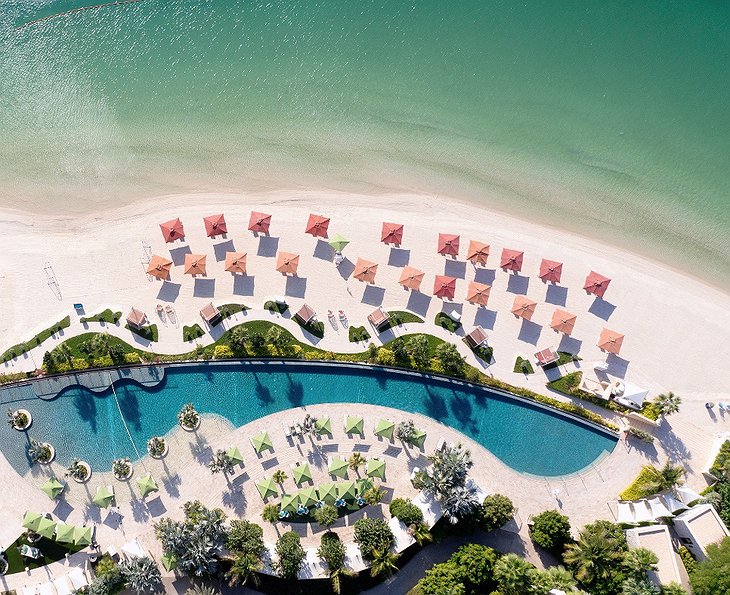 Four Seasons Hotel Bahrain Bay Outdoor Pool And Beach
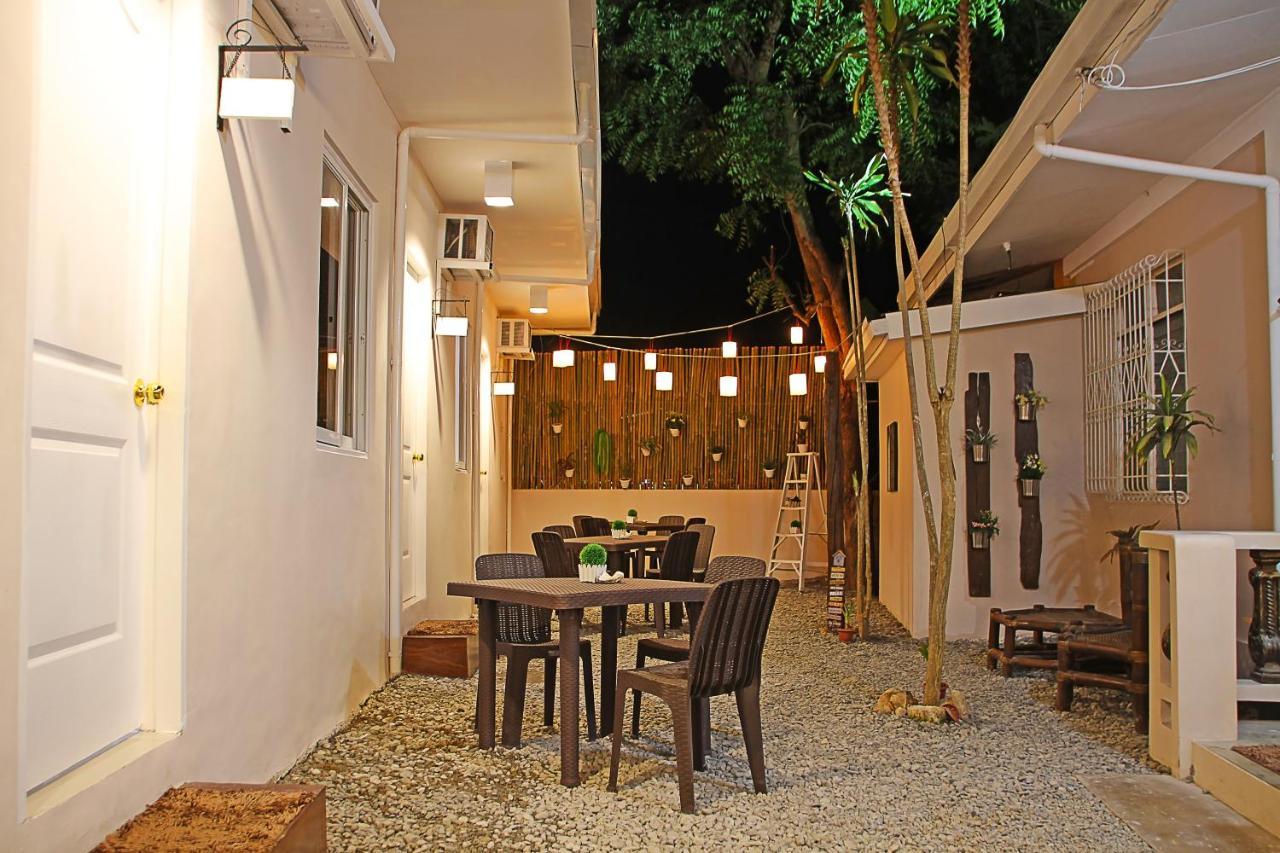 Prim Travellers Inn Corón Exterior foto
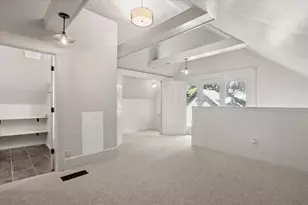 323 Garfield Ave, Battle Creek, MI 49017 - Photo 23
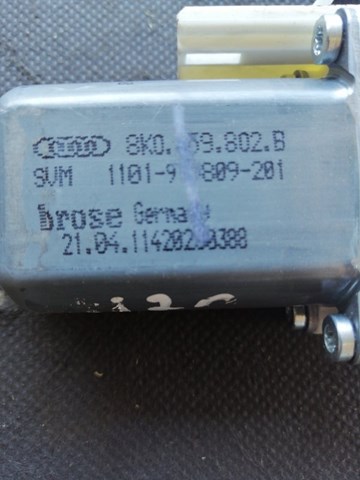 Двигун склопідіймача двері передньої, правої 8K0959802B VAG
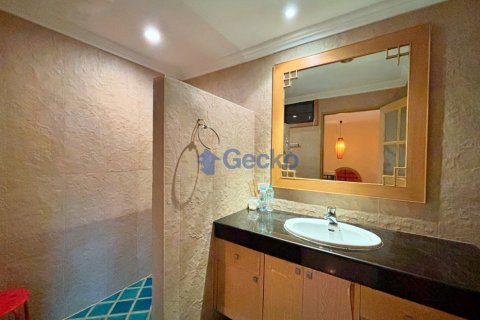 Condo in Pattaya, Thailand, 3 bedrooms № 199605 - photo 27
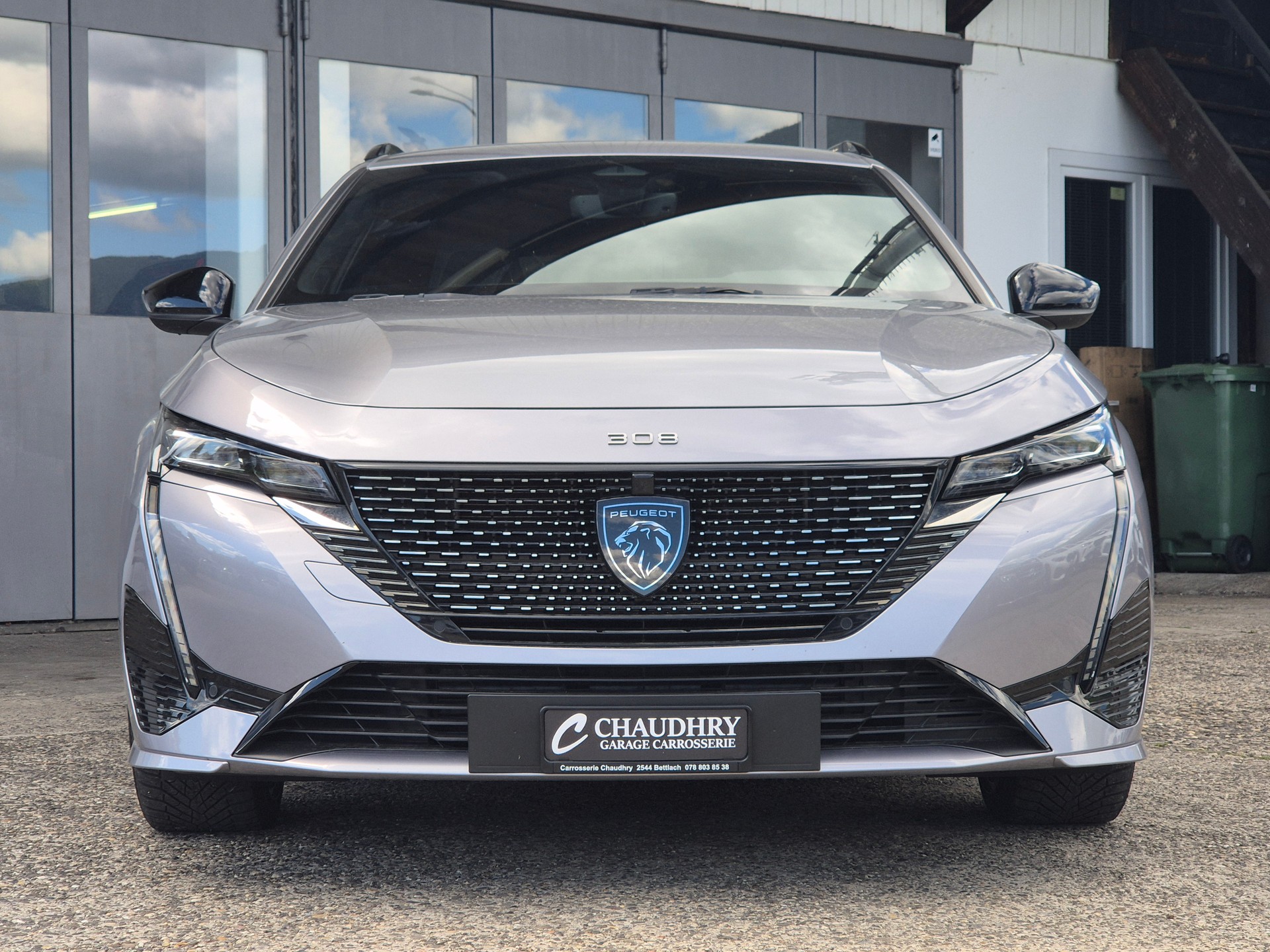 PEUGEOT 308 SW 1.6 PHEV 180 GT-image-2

▶ WORK TASK:
Down to the last line, reproduce the material above exactly; skip its images.

▶ EXPECTED OUTPUT:
 Four Seasons Hotel Bahrain Bay Outdoor Pool And Beach
 Prim Travellers Inn Corón Exterior foto
 323 Garfield Ave, Battle Creek, MI 49017 - Photo 23
 Двигун склопідіймача двері передньої, правої 8K0959802B VAG
 Condo in Pattaya, Thailand, 3 bedrooms № 199605 - photo 27
 PEUGEOT 308 SW 1.6 PHEV 180 GT-image-2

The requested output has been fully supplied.